Daily Investment Market News from London
Thursday 09th of February 2012
October 23, 2008

BP, RDS A and B shares gain as oil prices jump


by Elaine Frei

BP, RDS A and B shares gain as oil prices jump

Equities markets were mixed in Europe on Thursday as metals markets declined, taking miners lower, as UK retail sales were reported lower in September and as business confidence fell to its lowest level in nearly fifteen years in France.

The FTSE 100 added 1.16 percent to 4,087.83 but the FTSE 250 dropped 1.67 percent to 6,128.65.

The Office of National Statistics said that retail sales in the UK dropped 0.4 percent in September, not as much of a decline as had been expected, as food sales rose but sales of clothing and household goods fell.

The oil sector saw gains after oil prices recovered as Iran called for the Organization of Petroleum Exporting Countries to cut production quotas by 2 million barrels per day after Saudi Arabia’s oil minister declined to support any production cuts at all, which had sent crude prices lower.

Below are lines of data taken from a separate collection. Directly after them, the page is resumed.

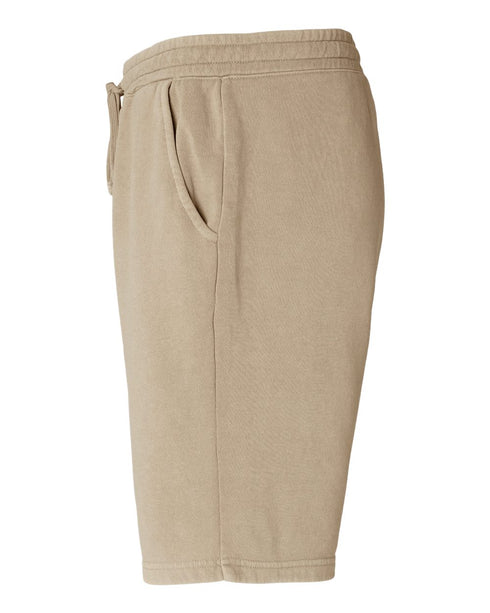 Men's Pigment Dyed Fleece Short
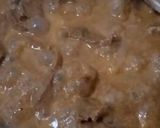 Foto langkah ke 4 dari resep Rendang Daging Sapi Praktis.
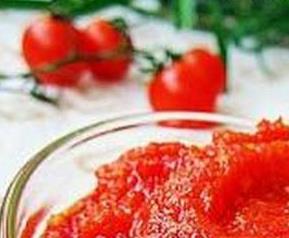 如何自制西红柿酱 如何自制西红柿酱的做法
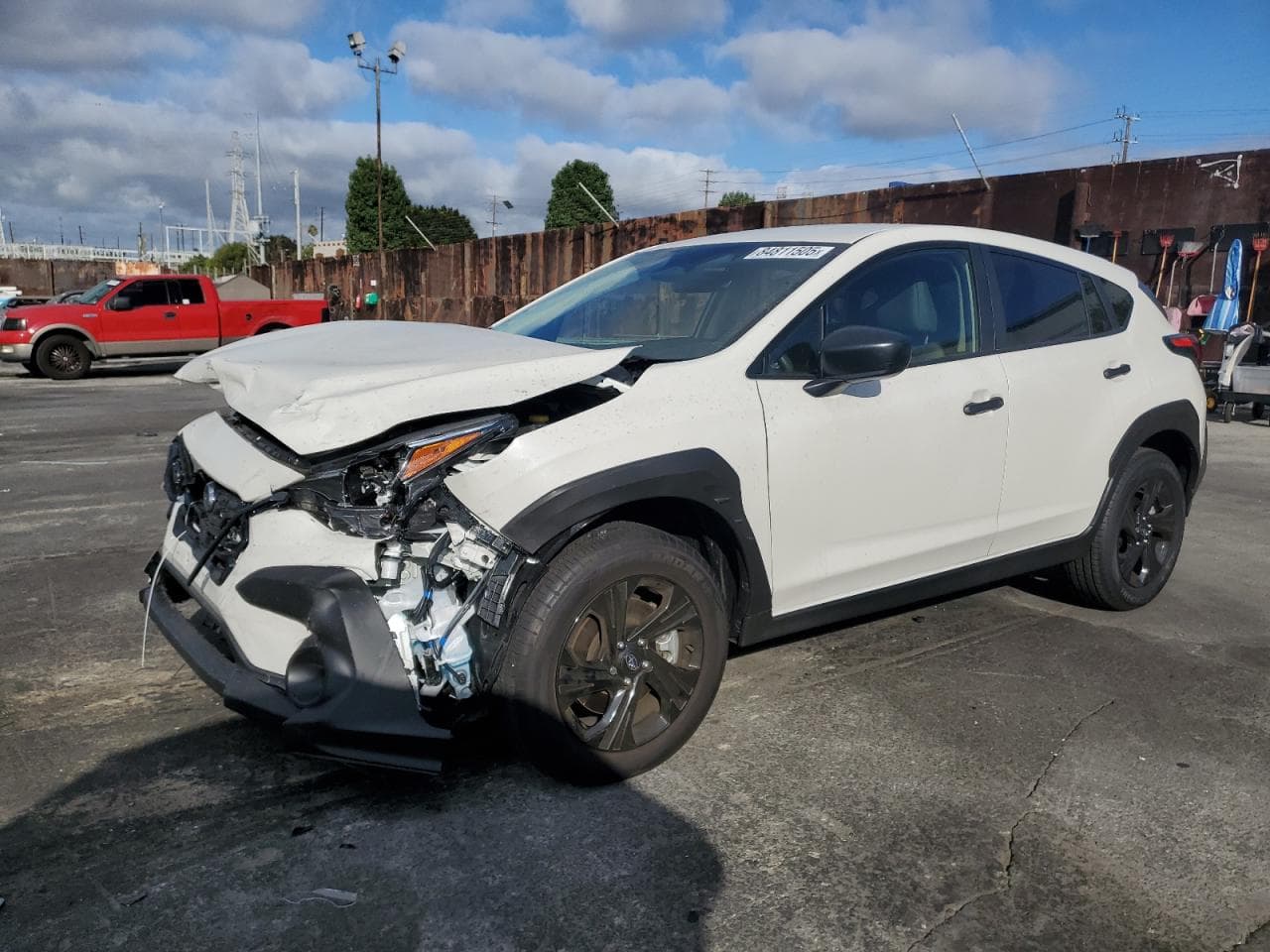 2025 Subaru Crosstrek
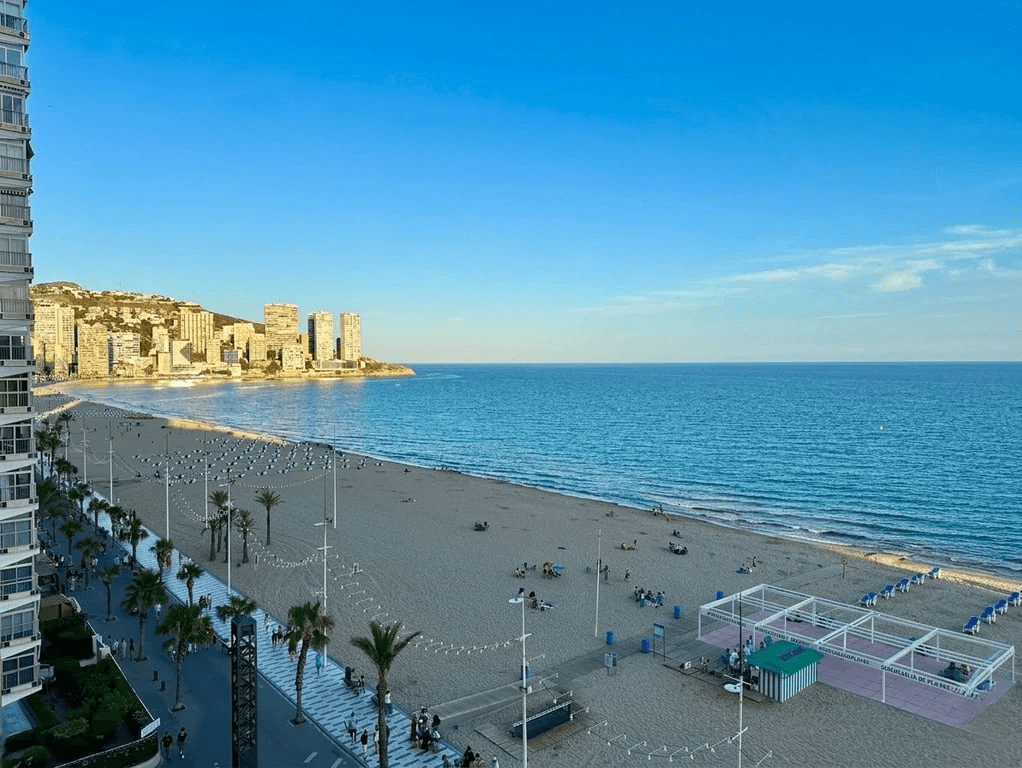 Appartement à la vente à Benidorm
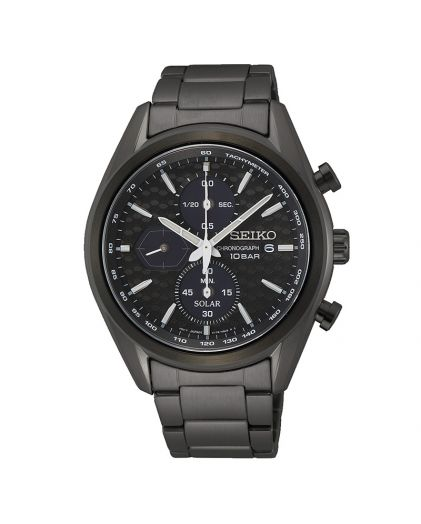 Watch seiko chronograph 100m shop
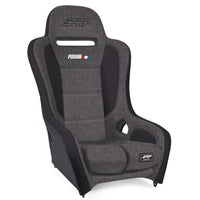 Thumbnail for PRP Podium Elite Suspension Seat All Grey/Black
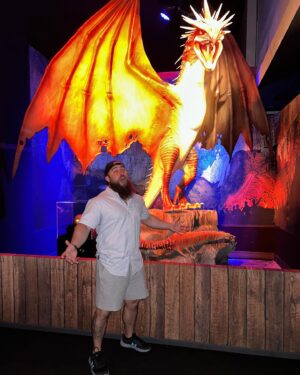John Silver Instagram - Potter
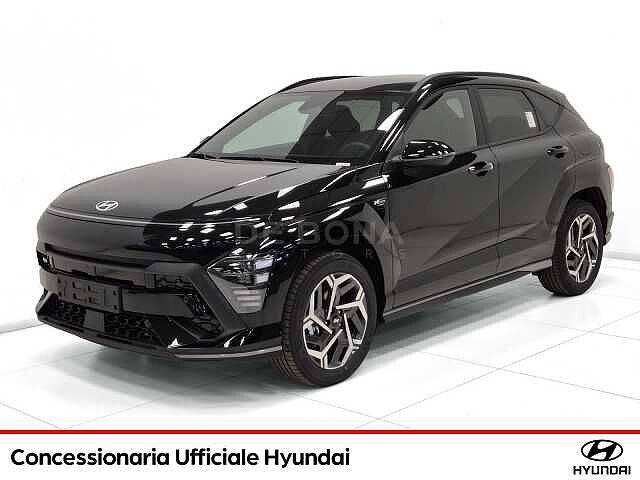 Hyundai KONA 1.6 gdi hev nline 2wd 129cv dct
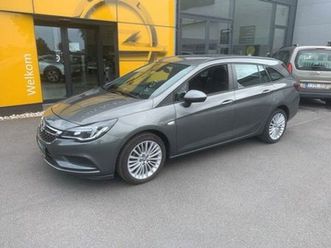opel astra o 150pk, edition , automaat , man. airco, sensoren v+a, navigatie, projectie smartphone, alu velgen.
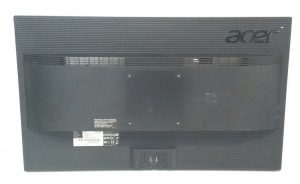 Acer V246HL 24" LCD VGA DVI Monitor - Image 5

BP (LSE: BP; NYSE: BP; TYO: 5051) was up 5.03 percent, while Royal Dutch Shell’s (LSE: RDS A, RDS B; NYSE: RDS.A, RDS.B) A shares added 5.22 percent and B shares gained 5.22 percent, all on the 100.

Miners and insurers made up all five biggest losers on the 100, led by gold and silver miner Fresnillo (LSE: FRES) with a decline of 15.81 percent.

Not all miners were lower, as Gem Diamonds (LSE: GEMD) added 18.58 percent on the 250.

The FTSE Eurofirst 300 was down 0.14 percent to 872.72 while the Dax fell 1.12 percent to 4,519.7 and the IBEX dropped 2.05 percent to 8,811.2 but the CAC-40 added 0.38 percent to 3,310.87.

The biggest loser on the CAC-40 was Air France-KLM (Euronext: AF; NYSE: AKH), which dropped 12.82 percent, while cars and insurers were down on both the Paris index and the Dax.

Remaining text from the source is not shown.